4. Generated JS onclick handlers appear to always return false,
preventing the event from propagating.  I wanted to onclick the main
body to close the menu, but this prevented links from working because
the body ate the click first.  Changing it to onmousedown worked, but it
would be nice to be able to specify whether the event should propagate.

Hm... I'm not entirely sure how this event propagation works in JavaScript across browsers. At some point, someone asked to add the built-in function [stopPropagation] to stop event propagation. Is 'return false' having that effect for some but not all events?

I'm happy to tweak the behavior to allow what you want, but I need some tips on JavaScript first.

5. URL whitelisting is prefix only; I wanted to use
mailto:comments-[timestamp]@... for spam-blocking purposes.  But to
allow this link, I had to whitelist mailto:comments-*.  This isn't a
huge deal, but I'm wondering if there's any deep reason for this or if
it just handles the common URL case, so was never improved.

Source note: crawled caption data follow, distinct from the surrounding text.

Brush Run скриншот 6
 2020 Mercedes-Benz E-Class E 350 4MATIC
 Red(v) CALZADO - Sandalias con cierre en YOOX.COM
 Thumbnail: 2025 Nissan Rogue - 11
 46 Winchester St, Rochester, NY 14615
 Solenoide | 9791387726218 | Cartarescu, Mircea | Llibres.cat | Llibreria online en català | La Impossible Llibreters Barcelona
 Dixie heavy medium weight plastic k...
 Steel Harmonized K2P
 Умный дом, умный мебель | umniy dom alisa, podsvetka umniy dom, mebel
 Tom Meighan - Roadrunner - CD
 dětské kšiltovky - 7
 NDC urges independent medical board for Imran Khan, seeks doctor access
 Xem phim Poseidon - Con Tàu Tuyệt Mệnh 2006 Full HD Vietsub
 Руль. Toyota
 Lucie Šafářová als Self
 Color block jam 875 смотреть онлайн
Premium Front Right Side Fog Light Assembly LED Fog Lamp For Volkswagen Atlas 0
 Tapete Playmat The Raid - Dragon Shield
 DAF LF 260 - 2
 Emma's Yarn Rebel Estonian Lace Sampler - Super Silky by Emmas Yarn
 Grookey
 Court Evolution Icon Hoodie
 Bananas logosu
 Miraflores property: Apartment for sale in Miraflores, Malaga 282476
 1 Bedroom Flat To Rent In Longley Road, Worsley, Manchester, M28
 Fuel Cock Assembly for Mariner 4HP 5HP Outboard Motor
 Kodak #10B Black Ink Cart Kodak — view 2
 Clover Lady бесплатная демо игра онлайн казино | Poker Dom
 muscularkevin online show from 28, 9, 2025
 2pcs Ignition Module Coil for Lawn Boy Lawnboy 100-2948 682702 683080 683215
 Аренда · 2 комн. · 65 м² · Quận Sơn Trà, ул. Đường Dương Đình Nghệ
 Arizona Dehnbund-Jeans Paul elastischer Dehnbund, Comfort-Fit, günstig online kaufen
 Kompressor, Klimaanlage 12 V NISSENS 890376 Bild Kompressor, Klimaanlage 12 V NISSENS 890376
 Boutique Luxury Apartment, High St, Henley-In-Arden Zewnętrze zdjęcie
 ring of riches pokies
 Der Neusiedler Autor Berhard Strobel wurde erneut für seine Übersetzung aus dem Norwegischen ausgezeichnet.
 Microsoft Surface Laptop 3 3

It's just about handling the common case, and I'll look into adding more general '*' stuff. But do you really want to allow any text in the blank above? What if the text contains an '@'? I think of 'mailto:' links as pretty innocuous, so not so important to filter precisely.

6. Maybe I've done too much Haskell, but I kept being lazy about let val
versus let fun (particularly when thunking the signals for (3) above).
The initial error message "This is an expression but not a pattern." is
extremely confusing, especially as it tends to point at an apparently
unrelated line.  The second error, "syntax error: inserting  REC", is
more helpful, but occasionally I managed to confuse the parser far
enough that I didn't even get that.

That is a particularly painful parse error message (that is, the first one is) that shows up because of the support for patterns to the left of [<-]. I don't know how to coerce ml-yacc to say better things, but suggestions would be appreciated.

7. Generating a dynamic link (such as on/[year]/[month]/[day]) requires
generating the whole link tag dynamically instead of just substituting
the link in.  I found a reference online that this is because the
function name in the link needs to be used to generate the URL; this
makes sense, but seems to be an annoying limitation.

I don't understand what you mean by "dynamic link." Can you give an example?